Johnson a d'abord voulu comprendre. Et il a étudié l'histoire, notamment celle de la génération Windrush, les immigrants des Caraïbes venus s'installer en Grande-Bretagne dans les années 50-60, comme son père.
"Les migrants étaient des personnes qui vivaient tout le temps en extérieur à cause du climat et ils ont été confinés dans des zones urbaines en arrivant au Royaume-Uni et cette connexion qu'ils avaient avec la nature a été rompue. Il n'y avait plus ce sentiment d'appartenance aux espaces extérieurs. Aujourd'hui, 97% des Noirs et des minorités ethniques vivent dans des centres urbains. Il y a un élément culturel", argumente Johnson, dont la mère est une Anglaise blanche.
"Et si vous regardez dans les magazines ou les sites spécialisés en trail, on ne voit que des hommes blancs d'âge mûr. Et quand la jeune génération de Noirs et métis voit ça, ils se disent que ce n'est
pas pour eux parce qu'ils ne peuvent pas s'identifier", défend-il.
"Il faut faire tomber ces barrières en créant de la représentation pour une plus grande diversité ethnique".
- Pas un combat -
Et pas seulement dans le trail, mais aussi sur d'autres sports en plein air comme le surf, le VTT, l'alpinisme ou encore l'escalade. "Vous ne pouvez pas être ce que vous ne voyez pas", répète-t-il.
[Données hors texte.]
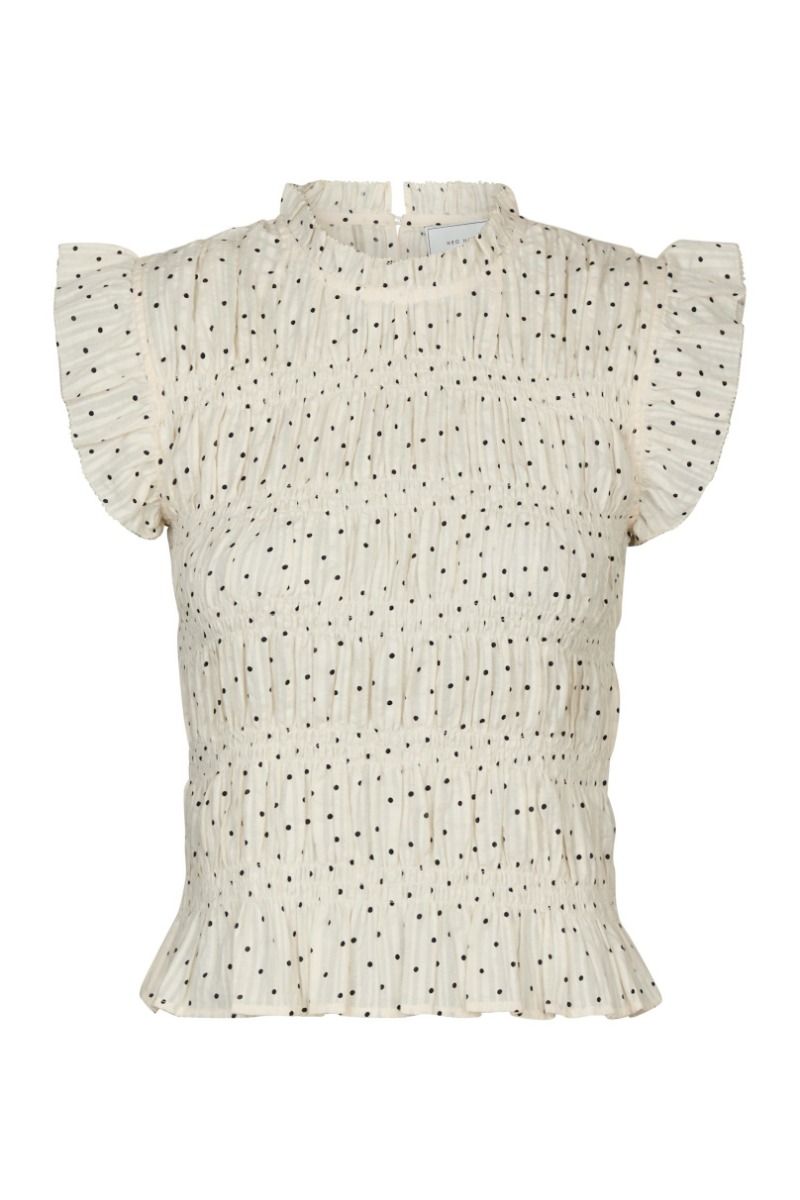 Neo Noir Tarsi Dot Smocked Top – Cream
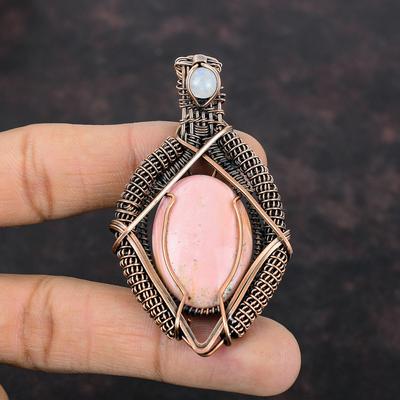 Pink Opal Gemstone Pendant Copper Wire Wrapped Pendant Handmade Pendant Copper Jewelry Rainbow Moonstone Pendant Wire Wrap Jewelry For Gift
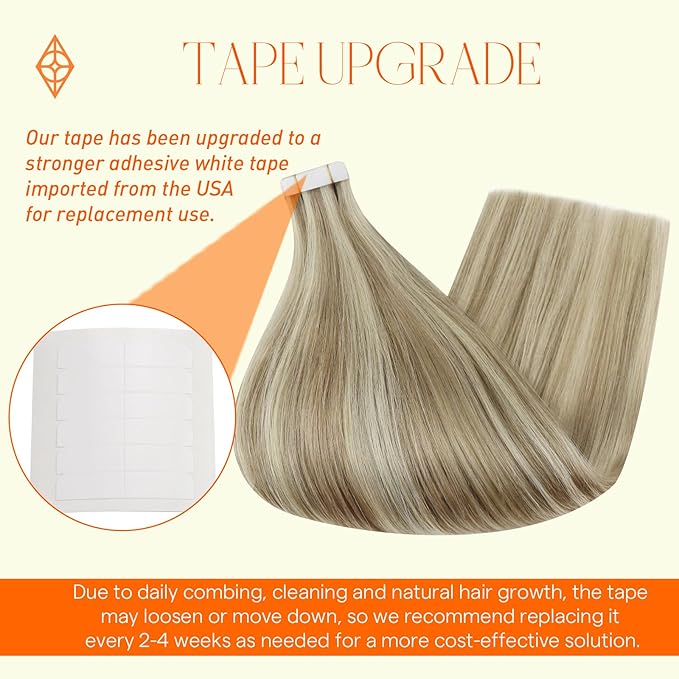 Full Shine Tape in Hair Extensions Color 16/22 Golden Blonde and Medium Blonde Seamless Tape in Hair Extensions Human Hair 22 Inch Highlighted Remy Hair Extensions Tape in 50Gram 20Pcs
En marquant les esprits avec sa performance hors-du-commun, ce père de deux jeunes garçons a souhaité inspirer, sans chercher à entrer dans un combat.
"Dans un monde idéal, +Black Trail Runners+ n'existerait pas parce que ces barrières et ces problématiques n'auraient pas lieu d'être. Ce n'est pas un combat, ce n'est pas une action militante. Il s'agit juste d'un groupe d'individus qui veut juste encourager la participation aux activités de trail des minorités ethniques mais aussi des personnes vivant en milieu urbain".
"Il y a tellement de bénéfices à tirer de la diversité. D'un point de vue purement sportif, cet énorme potentiel encore inexploité ne peut que pousser encore plus haut les performances", argue Johnson, qui veut aussi sensibiliser l'industrie du sport et les organisateurs de courses.
Selon Johnson "les directeurs de courses de trail" avec lesquels il discute, "connaissent tous les participants noirs et métis par leurs noms tellement ils sont peu nombreux".
"Tout le monde en a conscience, mais personne n'osait en parler parce que ce sont des sujets tabous et que les gens craignaient d'offenser. Mais avec les événements de 2020, on parle plus aisément des problématiques de race", se satisfait-il.